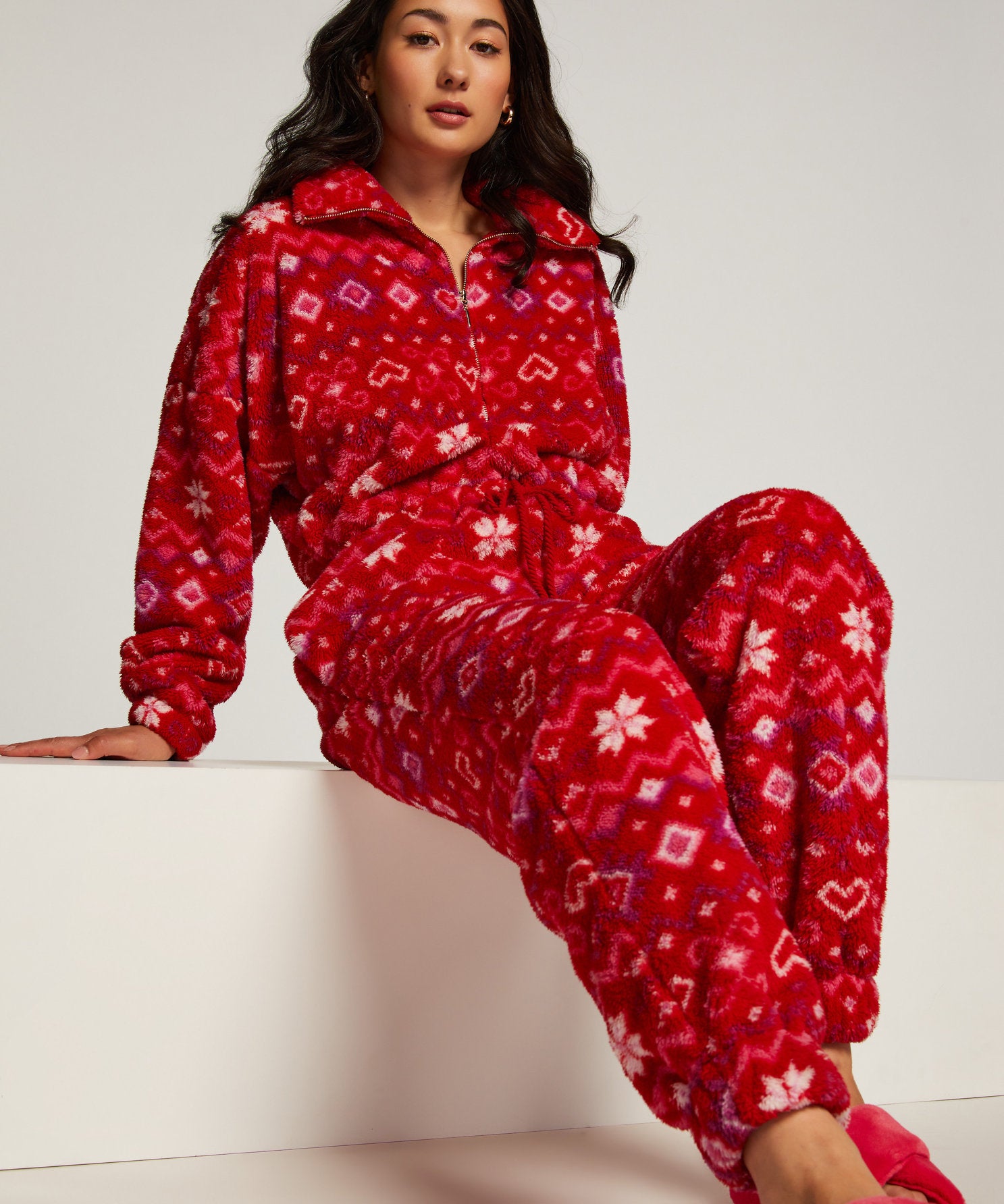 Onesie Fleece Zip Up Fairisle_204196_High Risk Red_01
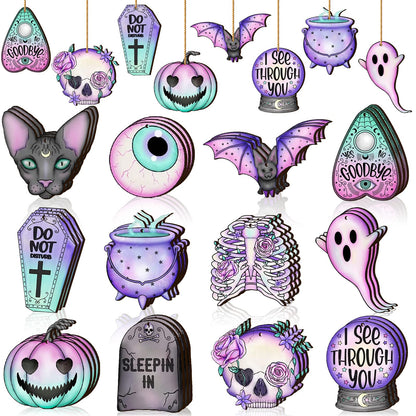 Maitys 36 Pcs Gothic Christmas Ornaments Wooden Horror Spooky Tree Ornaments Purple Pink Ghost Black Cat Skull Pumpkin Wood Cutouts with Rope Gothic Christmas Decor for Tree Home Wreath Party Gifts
==
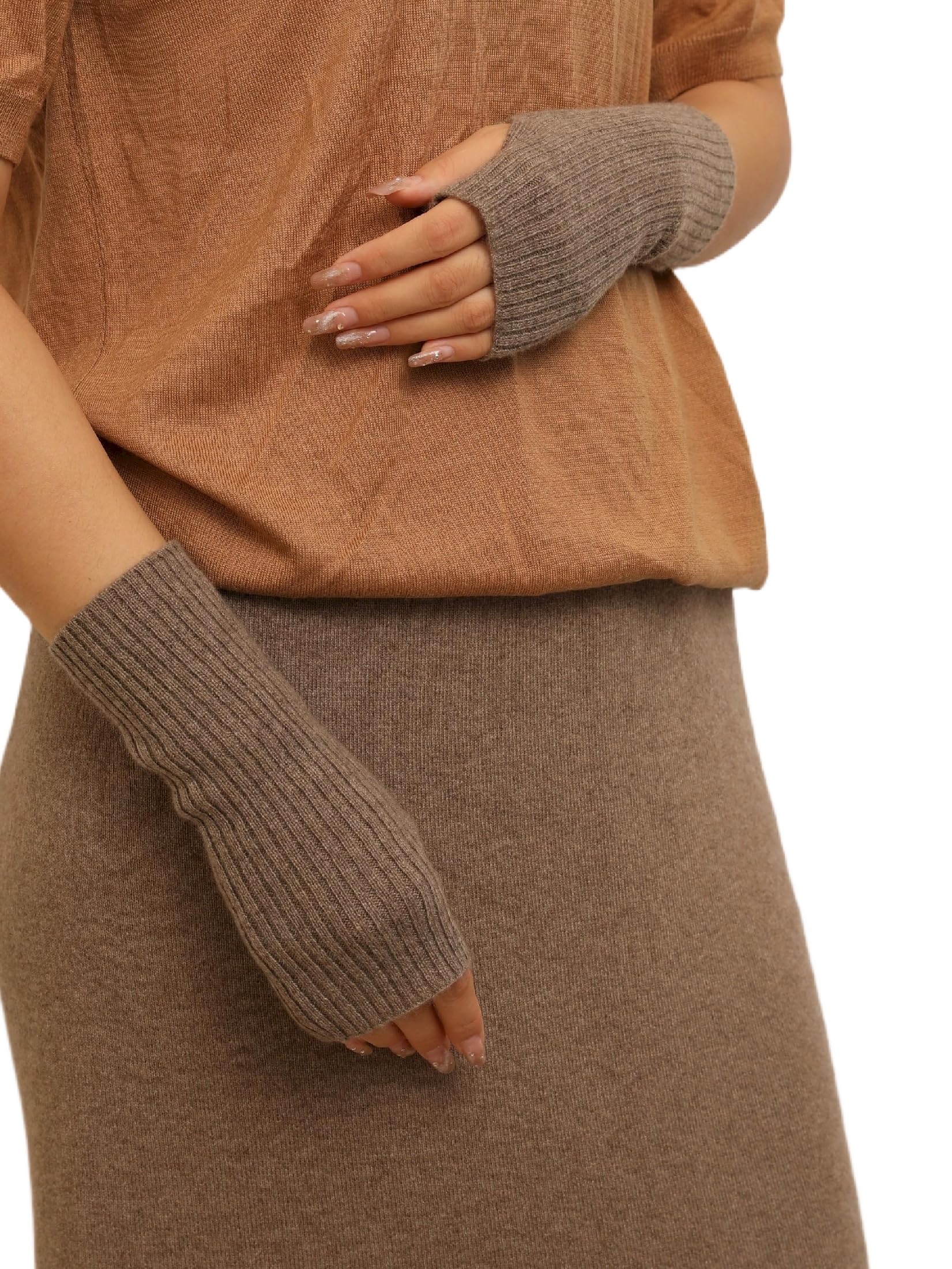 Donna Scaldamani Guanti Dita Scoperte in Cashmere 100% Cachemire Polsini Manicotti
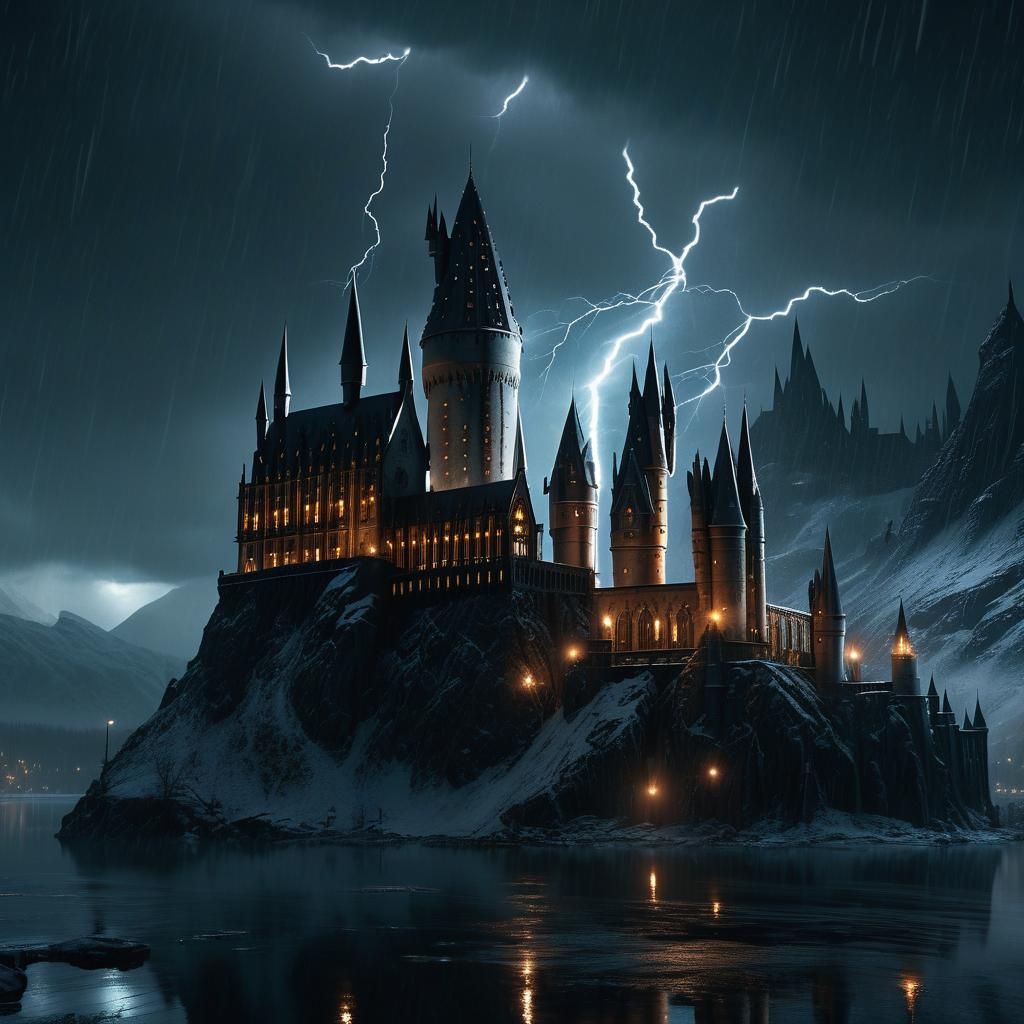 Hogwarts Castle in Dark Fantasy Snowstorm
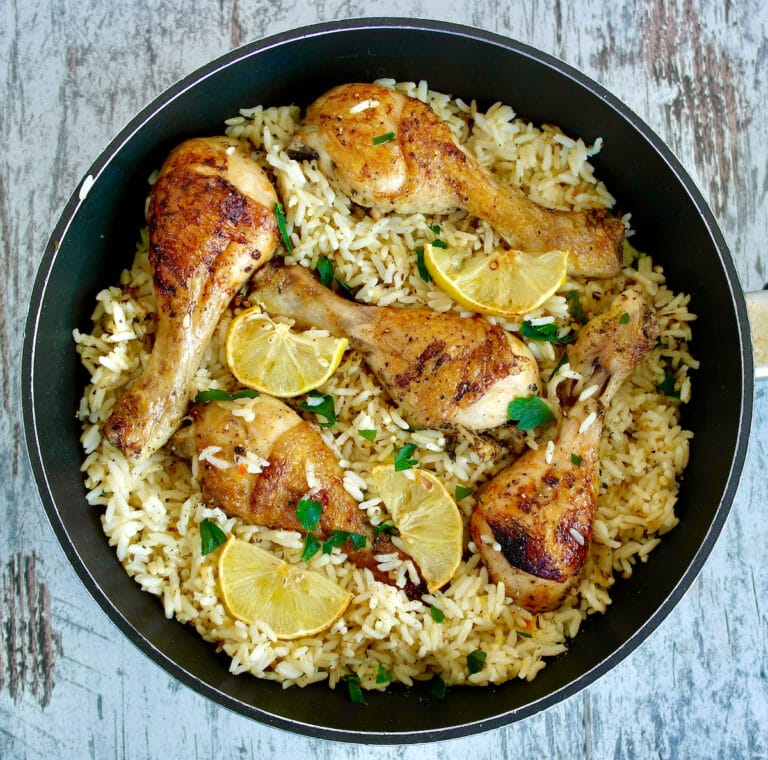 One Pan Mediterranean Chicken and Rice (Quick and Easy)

WORK REQUIRED:
Reproduce the data above exactly, but only from the line containing "Onesie Fleece Zip" through the line containing "Maitys 36 Pcs". Omit all pictures.

OUTPUT OF THE EXERCISE:
 Onesie Fleece Zip Up Fairisle_204196_High Risk Red_01
 Maitys 36 Pcs Gothic Christmas Ornaments Wooden Horror Spooky Tree Ornaments Purple Pink Ghost Black Cat Skull Pumpkin Wood Cutouts with Rope Gothic Christmas Decor for Tree Home Wreath Party Gifts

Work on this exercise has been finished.